# WHAT TO WORK ON
Output every line below as it stands, dropping only the images.
*** Opening DATA EXTRACT ***
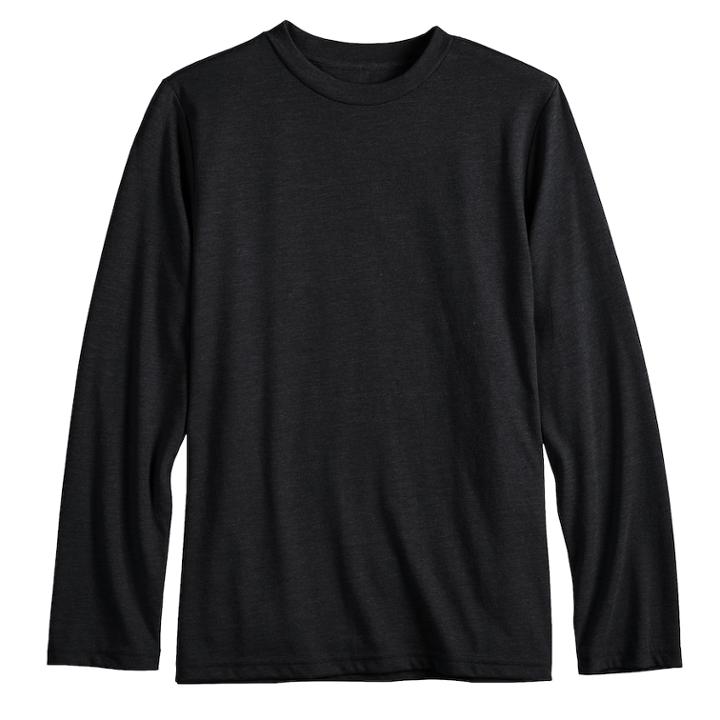 Boys 8-20 Urban Pipeline&reg; Awesomely Soft Tee, Size: Medium, Black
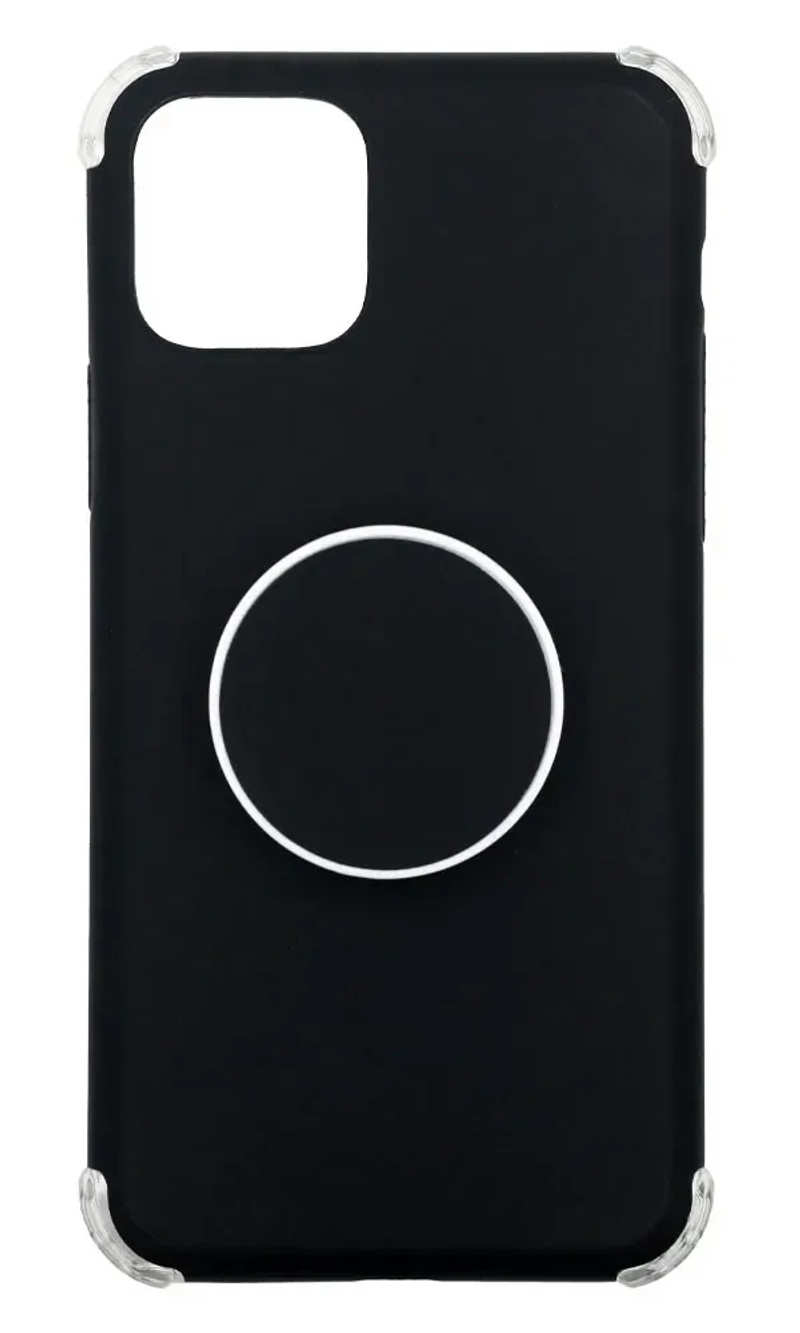 Чохол силіконовий Shockproof + PopSocket для iPhone 11 Pro Max Black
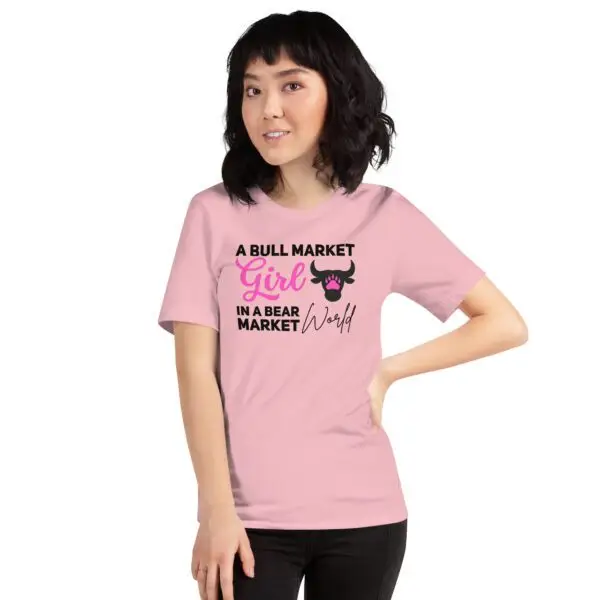 Bull Market Girl in a Bear Market World Crypto Unisex t-shirt - Image 6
*** Closing DATA EXTRACT ***
# YOUR SOLUTION
 Boys 8-20 Urban Pipeline&reg; Awesomely Soft Tee, Size: Medium, Black
 Чохол силіконовий Shockproof + PopSocket для iPhone 11 Pro Max Black
 Bull Market Girl in a Bear Market World Crypto Unisex t-shirt - Image 6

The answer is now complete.